Our impressions of Africa have been informed for many years by the mysterious jungle seething with evil depicted verbally in Joseph Conrad’s Heart of Darkness and visually in numerous Hollywood films. As Nigerian novelist Chinua Achebe lamented in an influential lecture first presented in 1975, such representations have created an image of Africa that emphasizes savagery, chaos, and violence. News stories about the catastrophic spread of AIDS, endless civil wars, and decades-long droughts afflicting the continent only add to a common perception of Africa as a dark inferno.
Alexander McCall Smith’s best-selling series, the No. 1 Ladies’ Detective Agency, paints an alternative picture that celebrates the rich variety of African life, even in the midst of poverty and trouble. In the founding novel, The No. 1 Ladies’ Detective Agency, we meet Precious Ramotswe (pronounced Ram-ot-swáy), who establishes the first detective agency in Botswana with the proceeds from the sale of a herd of cattle left by her beloved Daddy at his death. Mma Ramotswe, as she is properly addressed, uses this conventional African dowry to establish herself as an unconventional modern professional. She is repeatedly described as being “traditionally built” (in other words, she’s a large woman), but Mma Ramotswe is actually an exemplar of the new urban African, a far cry from Conrad’s incomprehensible savage.

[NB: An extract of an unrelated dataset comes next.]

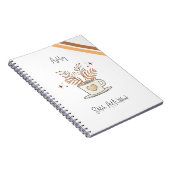 Niedliches Coffee Sketch Art Notebook Notizblock (Rechte Seite)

When an officious lawyer questions whether a woman can be a detective, the decidedly feminist Mma Ramotswe thinks, in an aside typical of the gentle humor pervading the series, “how dare he say that about women, when he didn’t even know that his zip was half undone! Should she tell him?” She retorts, “Women are the ones who know what’s going on. … They are the ones with eyes. Have you not heard of Agatha Christie?” Indeed, Mma Ramotswe has the eyes, ears, and heart to help people solve their problems. Ably assisted by her competent secretary, Mma Makutsi (who earned an unprecedented 97 percent average at the Botswana College of Secretarial and Office Skills, and a reserved but kind automobile mechanic with the imposing name of Mr. J. L. B. Matekoni,1 Mma Ramotswe pursues her cases, fueled by numerous cups of strong bush tea.
The New York Times Book Review dubbed Mma Ramotswe “the Miss Marple of Botswana,” and her ability to listen sympathetically to her clients’ problems is reminiscent of Christie’s deceptively demure detective. Like Miss Marple, Mma Ramotswe draws on her knowledge of human nature and social norms to solve her cases. One of the charms of the traditional British “cozy” mystery, at least for me, is the chance to immerse myself in the domestic details of a new society. I confess to longing for an invitation to the vicar’s for afternoon sherry or to attend a garden fete with eccentric British villagers. McCall Smith’s mysteries work in a similar fashion, bringing us into a tightly knit community with strong social bonds and carefully articulated manners and morals.
Mma Ramotswe has considerably more chutzpah than Miss Marple, however, as she impersonates a nurse, confronts a witch doctor, approaches strange men in bars, and tracks down a crocodile. And in contrast to the classic mystery story, these books do not revolve around a single meticulously plotted murder; in fact, few of Mma Ramotswe’s cases involve death. Instead, she helps her clients solve problems that are most frequently associated with restoring family unity-straying husbands, rebellious teenagers, disputed fathers, disappearing sons, questionable suitors.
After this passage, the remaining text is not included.